Anzeige
Was geschieht in einer Stunde? Die Reporter von "Kirche-und-Leben.de" haben 60 Minuten lang hingeschaut, begleitet, zugehört. Und aufgeschrieben. Mehr nicht. An vier Orten im Bistum Münster, an denen Kirche auf ganz unterschiedliche Weise konkret wird. Heute im Forum St. Peter Oldenburg. Die dortige Cityseelsorge öffnet suchenden und fragenden Menschen. Auch denen, die nur zufällig vorbeikommen.
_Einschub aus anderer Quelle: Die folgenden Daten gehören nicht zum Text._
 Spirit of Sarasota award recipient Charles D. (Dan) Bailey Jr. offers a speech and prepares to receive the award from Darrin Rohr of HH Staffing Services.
Ein grauhaariger Mann mit weißer Jacke kommt von den Stühlen draußen in der Sonne, hält in der Hand eine Zeitung an einer Lesestange. Er sucht das Gespräch mit Ruth Wittmer an der Rezeption. Kaffeeduft zieht durch die Luft.
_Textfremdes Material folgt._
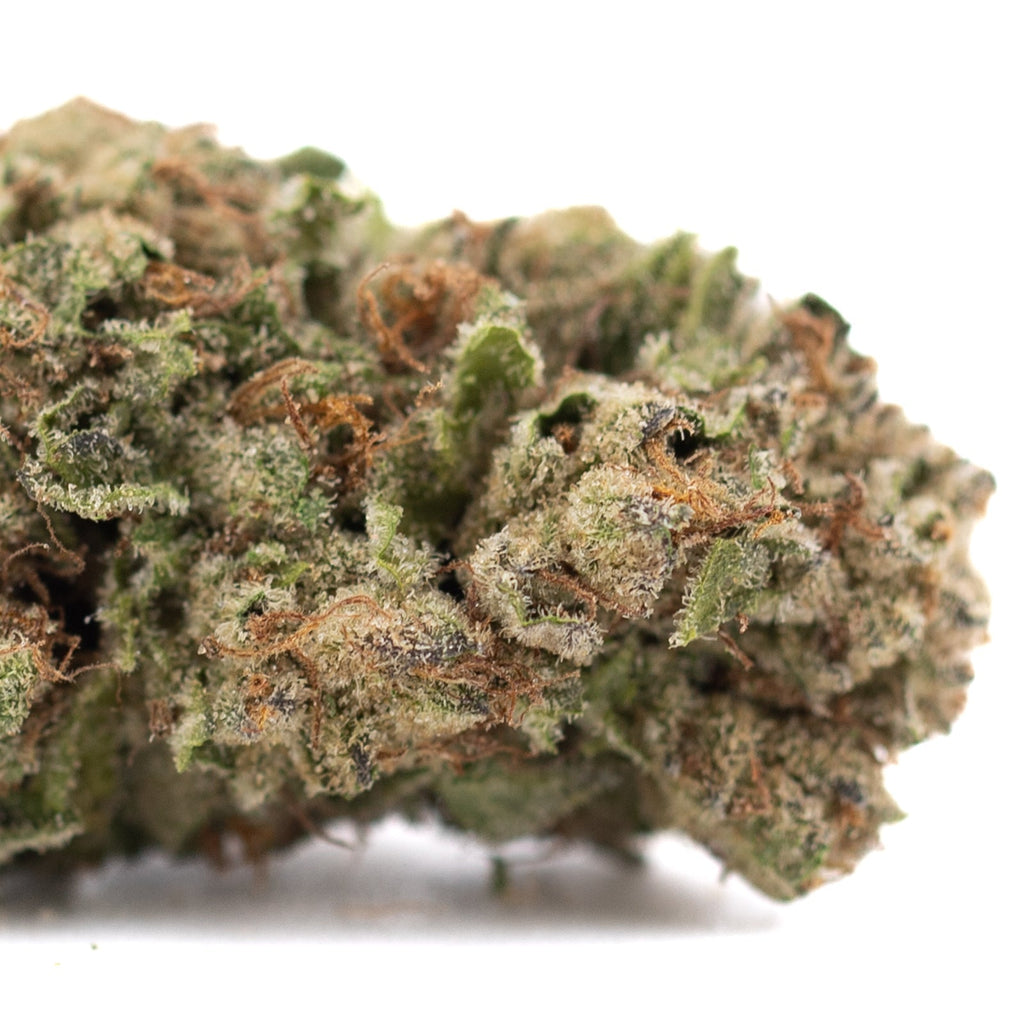 Candy Pave THCa hemp flower with green and brown hues covered in trichomes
Wittmer wirft einen Blick zum Eingang: Ein DHL-Bote kommt mit Paketen auf einer Sackkarre herein. Rita Wittner, Ehrenamtliche im Präsenzdienst, ruft ihm zu: „Aufpassen mit der Karre, ihr Kollege ist schon mal gegen die Glastür gelaufen.“ Eine ältere Frau mit grünem Rucksack geht hinter dem Boten, lässt den Blick schweifen, geht dann zielstrebig zur Kaffeeküche. Ob Cappuccino oder schwarz, egal, kostet nichts.
Cityseelsorge lädt ein
Vor dem Café rechts ein Stand mit Grußkarten, keine scheint so richtig fromm. Dabei ist das eigentlich ein frommer Ort, wenn man so will: Die katholische Kirche lädt hier ein zur Begegnung. In der Großstadt Oldenburg, in das Forum St. Peter, Zentrum der Cityseelsorge. Begegnung mit Lautstärke. Die Gespräche in den verschiedenen Ecken bleiben nicht leise.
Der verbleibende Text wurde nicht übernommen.